• **Task description**: Leave the pictures out and restate every line below exactly.
Top of Given information
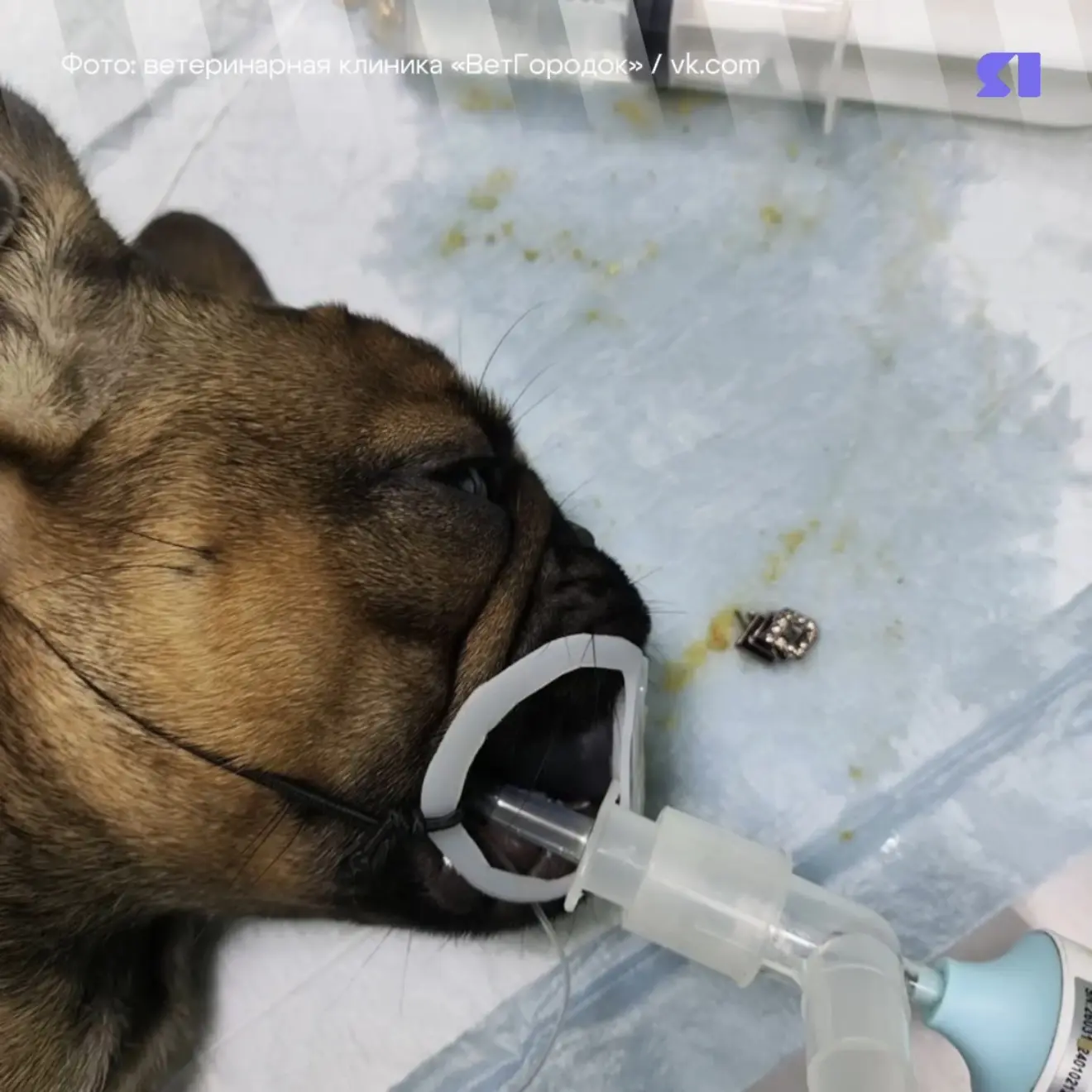 😨 «Золотой пес» в прямом смысле слова пришел на прием к ветеринарам в Рыбинске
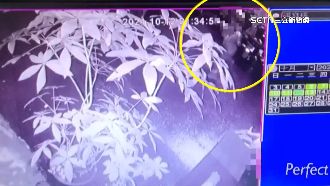 獨／只瞄一眼！婦人遭醉漢推飛1公尺骨折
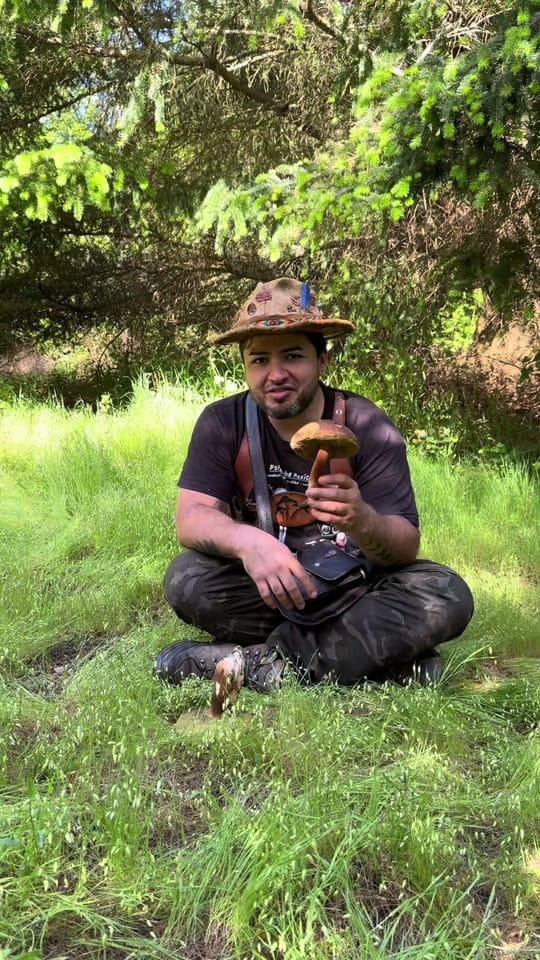Post 3 by DesertAlchemist on TikTok (video)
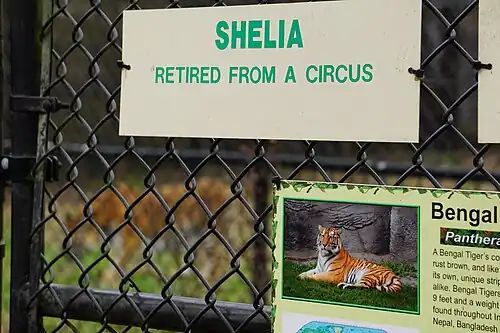 Bengal tiger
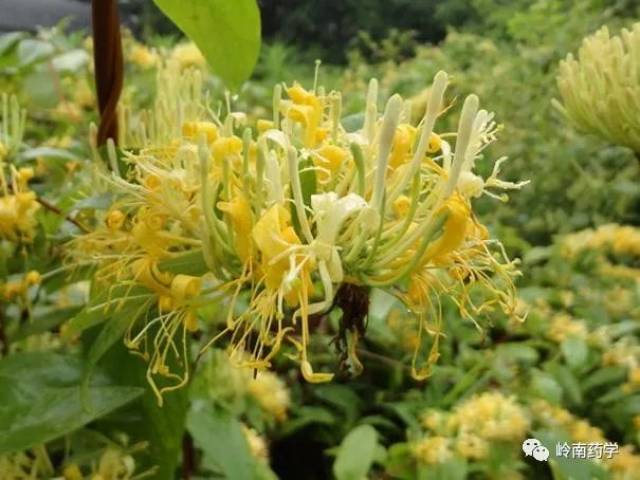 另外, 断肠草(钩吻)为藤本植物,在生长过程中,可能会与 五指毛桃(桑科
Bottom of Given information
• **Answer box**:
 😨 «Золотой пес» в прямом смысле слова пришел на прием к ветеринарам в Рыбинске
 獨／只瞄一眼！婦人遭醉漢推飛1公尺骨折
Post 3 by DesertAlchemist on TikTok (video)
 Bengal tiger
 另外, 断肠草(钩吻)为藤本植物,在生长过程中,可能会与 五指毛桃(桑科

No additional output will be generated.